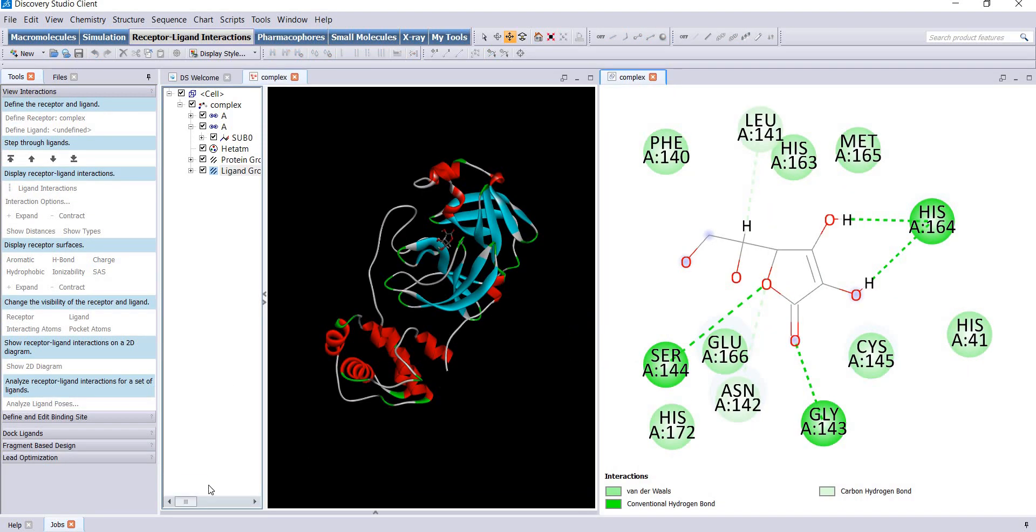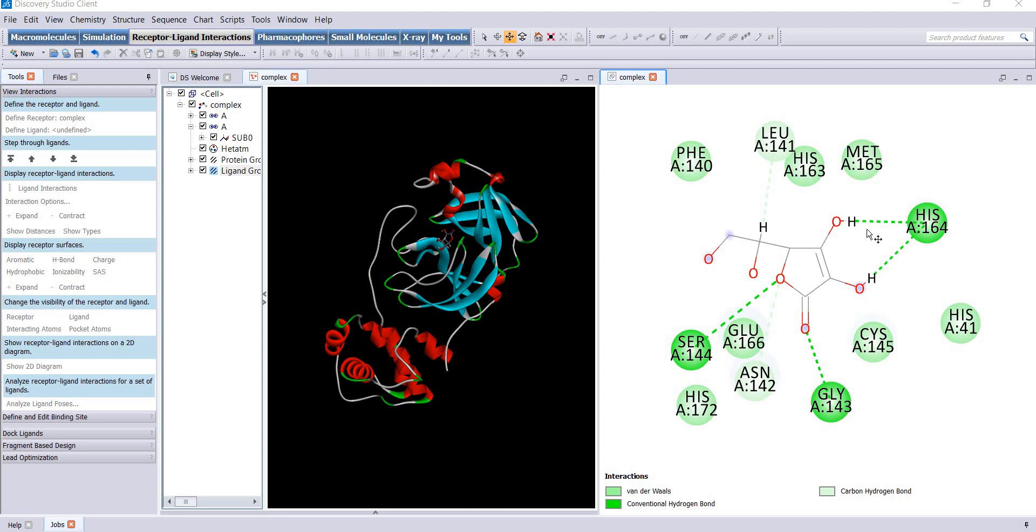You will find this 2D image where several molecular interactions are given. Here is the panel which shows what type of interactions are given in what colors. We are interested in conventional hydrogen bonds which are given by dotted green lines.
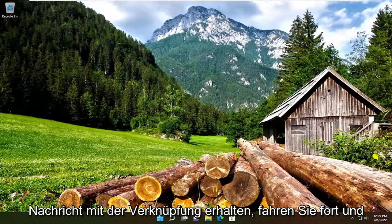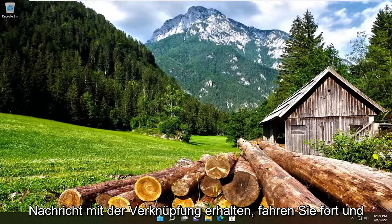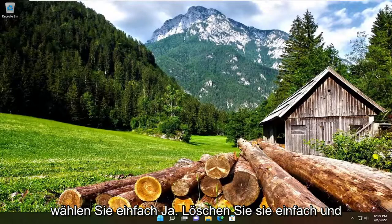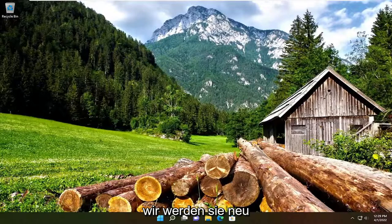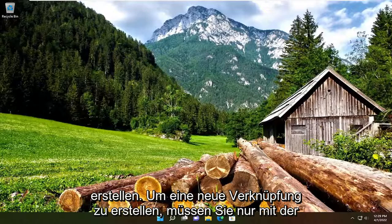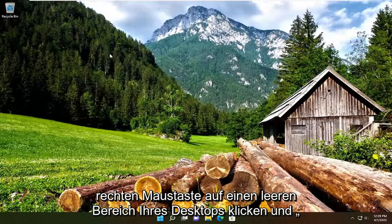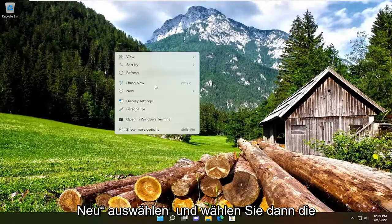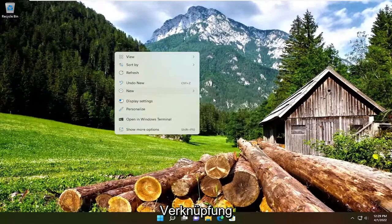So first things first, if you get that message with the shortcut, go ahead and just select yes, just delete it and we're going to recreate it. In order to create a new shortcut, all you have to do is right-click on a blank area of your desktop, select New, and then select Shortcut.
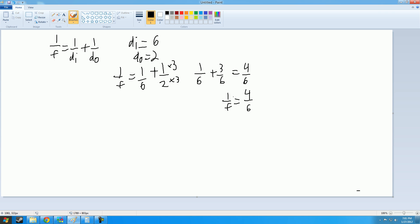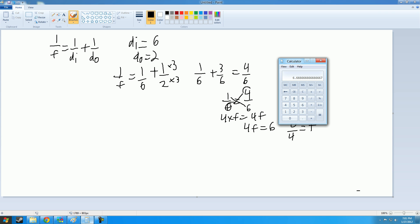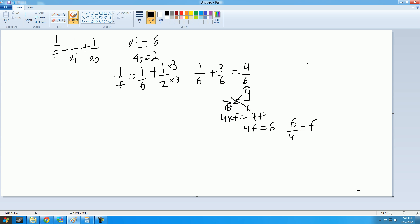And then what you do here is cross multiplication. So you take the 4 and multiply it by the f, and you take the 1 and multiply it by the 6. So 4 times f equals 4f, and 1 times 6 equals 6, so 4f equals 6. So then you have to find out the value of f, and what you would do is 6 divided by 4 equals f. So f equals 1.5.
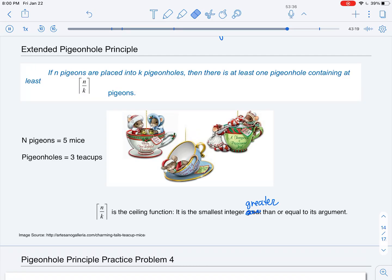It turns out there's an extended version of the pigeonhole principle that is slightly more powerful. This says that if you're placing n pigeons into k pigeonholes, then there is at least one pigeonhole containing at least the ceiling of n divided by k pigeons. Recall that the ceiling function is the smallest integer greater than or equal to its argument. So in this specific example, if we have five mice and we're placing them in three teacups, the ceiling of five divided by three is going to be two, meaning there is at least one teacup that will have at least two mice in it.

= = =

Print the material above exactly, skipping its images.

You will find this 2D image where several molecular interactions are given. Here is the panel which shows what type of interactions are given in what colors. We are interested in conventional hydrogen bonds which are given by dotted green lines.
So first things first, if you get that message with the shortcut, go ahead and just select yes, just delete it and we're going to recreate it. In order to create a new shortcut, all you have to do is right-click on a blank area of your desktop, select New, and then select Shortcut.
And then what you do here is cross multiplication. So you take the 4 and multiply it by the f, and you take the 1 and multiply it by the 6. So 4 times f equals 4f, and 1 times 6 equals 6, so 4f equals 6. So then you have to find out the value of f, and what you would do is 6 divided by 4 equals f. So f equals 1.5.
It turns out there's an extended version of the pigeonhole principle that is slightly more powerful. This says that if you're placing n pigeons into k pigeonholes, then there is at least one pigeonhole containing at least the ceiling of n divided by k pigeons. Recall that the ceiling function is the smallest integer greater than or equal to its argument. So in this specific example, if we have five mice and we're placing them in three teacups, the ceiling of five divided by three is going to be two, meaning there is at least one teacup that will have at least two mice in it.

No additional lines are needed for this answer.